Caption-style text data
* * * * * * * * *

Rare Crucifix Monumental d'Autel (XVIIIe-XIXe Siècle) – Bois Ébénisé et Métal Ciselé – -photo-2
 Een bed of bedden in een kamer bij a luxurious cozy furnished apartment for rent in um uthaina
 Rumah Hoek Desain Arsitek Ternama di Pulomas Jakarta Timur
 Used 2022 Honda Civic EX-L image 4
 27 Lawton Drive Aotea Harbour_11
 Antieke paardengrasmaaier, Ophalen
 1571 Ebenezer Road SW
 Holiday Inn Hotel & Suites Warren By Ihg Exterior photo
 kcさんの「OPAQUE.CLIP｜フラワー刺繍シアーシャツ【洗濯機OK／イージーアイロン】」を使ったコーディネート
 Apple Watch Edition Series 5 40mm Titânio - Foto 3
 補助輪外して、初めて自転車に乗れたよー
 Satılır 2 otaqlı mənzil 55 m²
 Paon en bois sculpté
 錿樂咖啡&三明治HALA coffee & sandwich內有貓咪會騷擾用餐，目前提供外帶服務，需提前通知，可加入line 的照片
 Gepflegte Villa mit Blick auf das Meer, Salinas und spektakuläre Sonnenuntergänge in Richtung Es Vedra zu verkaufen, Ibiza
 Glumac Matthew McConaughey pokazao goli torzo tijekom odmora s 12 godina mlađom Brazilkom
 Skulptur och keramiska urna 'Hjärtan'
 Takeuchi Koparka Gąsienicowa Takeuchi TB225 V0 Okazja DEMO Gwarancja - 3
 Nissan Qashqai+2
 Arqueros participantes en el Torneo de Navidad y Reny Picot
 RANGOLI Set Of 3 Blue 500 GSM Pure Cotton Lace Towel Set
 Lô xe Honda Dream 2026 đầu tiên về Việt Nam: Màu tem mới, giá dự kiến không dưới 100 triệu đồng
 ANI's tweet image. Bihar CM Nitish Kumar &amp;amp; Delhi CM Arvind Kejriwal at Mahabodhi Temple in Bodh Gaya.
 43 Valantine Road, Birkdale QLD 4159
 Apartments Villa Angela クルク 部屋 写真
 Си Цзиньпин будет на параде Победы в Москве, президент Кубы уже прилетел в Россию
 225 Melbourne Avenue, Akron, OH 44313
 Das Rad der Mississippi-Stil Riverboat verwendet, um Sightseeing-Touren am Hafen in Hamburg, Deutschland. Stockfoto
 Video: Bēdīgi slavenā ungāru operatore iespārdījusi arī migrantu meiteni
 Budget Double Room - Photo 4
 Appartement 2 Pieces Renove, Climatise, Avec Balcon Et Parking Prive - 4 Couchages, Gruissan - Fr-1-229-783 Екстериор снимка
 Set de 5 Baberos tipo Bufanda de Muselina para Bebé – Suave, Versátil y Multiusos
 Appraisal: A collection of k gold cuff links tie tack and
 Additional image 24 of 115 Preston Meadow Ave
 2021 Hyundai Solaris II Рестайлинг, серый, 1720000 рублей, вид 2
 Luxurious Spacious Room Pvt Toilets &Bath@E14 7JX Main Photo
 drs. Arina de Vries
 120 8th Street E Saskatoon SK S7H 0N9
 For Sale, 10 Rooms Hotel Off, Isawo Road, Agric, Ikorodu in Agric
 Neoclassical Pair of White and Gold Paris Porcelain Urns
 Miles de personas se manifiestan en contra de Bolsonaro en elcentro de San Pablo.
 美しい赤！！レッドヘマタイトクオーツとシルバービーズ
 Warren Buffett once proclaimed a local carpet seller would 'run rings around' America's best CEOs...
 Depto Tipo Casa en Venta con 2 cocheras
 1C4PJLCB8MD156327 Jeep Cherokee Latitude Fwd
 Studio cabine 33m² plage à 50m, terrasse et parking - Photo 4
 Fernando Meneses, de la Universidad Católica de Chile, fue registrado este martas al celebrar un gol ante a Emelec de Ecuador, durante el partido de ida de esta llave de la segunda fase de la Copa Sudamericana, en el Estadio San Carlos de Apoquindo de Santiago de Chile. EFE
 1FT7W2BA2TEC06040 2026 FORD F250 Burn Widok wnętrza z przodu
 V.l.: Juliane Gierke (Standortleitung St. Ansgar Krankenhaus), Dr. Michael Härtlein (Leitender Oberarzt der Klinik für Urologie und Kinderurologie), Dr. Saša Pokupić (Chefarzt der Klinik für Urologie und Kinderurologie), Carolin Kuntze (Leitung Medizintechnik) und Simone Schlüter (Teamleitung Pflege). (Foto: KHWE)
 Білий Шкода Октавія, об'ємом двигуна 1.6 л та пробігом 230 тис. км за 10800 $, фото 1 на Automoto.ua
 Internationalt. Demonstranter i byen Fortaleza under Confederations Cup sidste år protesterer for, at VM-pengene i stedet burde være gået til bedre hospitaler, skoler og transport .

* * * * * * * * *

Give an exact copy of the lines above, from the top of the records to the line that contains "錿樂咖啡&三明治HALA coffee &", taking in both ends.

ANSWER SECTION.
Rare Crucifix Monumental d'Autel (XVIIIe-XIXe Siècle) – Bois Ébénisé et Métal Ciselé – -photo-2
 Een bed of bedden in een kamer bij a luxurious cozy furnished apartment for rent in um uthaina
 Rumah Hoek Desain Arsitek Ternama di Pulomas Jakarta Timur
 Used 2022 Honda Civic EX-L image 4
 27 Lawton Drive Aotea Harbour_11
 Antieke paardengrasmaaier, Ophalen
 1571 Ebenezer Road SW
 Holiday Inn Hotel & Suites Warren By Ihg Exterior photo
 kcさんの「OPAQUE.CLIP｜フラワー刺繍シアーシャツ【洗濯機OK／イージーアイロン】」を使ったコーディネート
 Apple Watch Edition Series 5 40mm Titânio - Foto 3
 補助輪外して、初めて自転車に乗れたよー
 Satılır 2 otaqlı mənzil 55 m²
 Paon en bois sculpté
 錿樂咖啡&三明治HALA coffee & sandwich內有貓咪會騷擾用餐，目前提供外帶服務，需提前通知，可加入line 的照片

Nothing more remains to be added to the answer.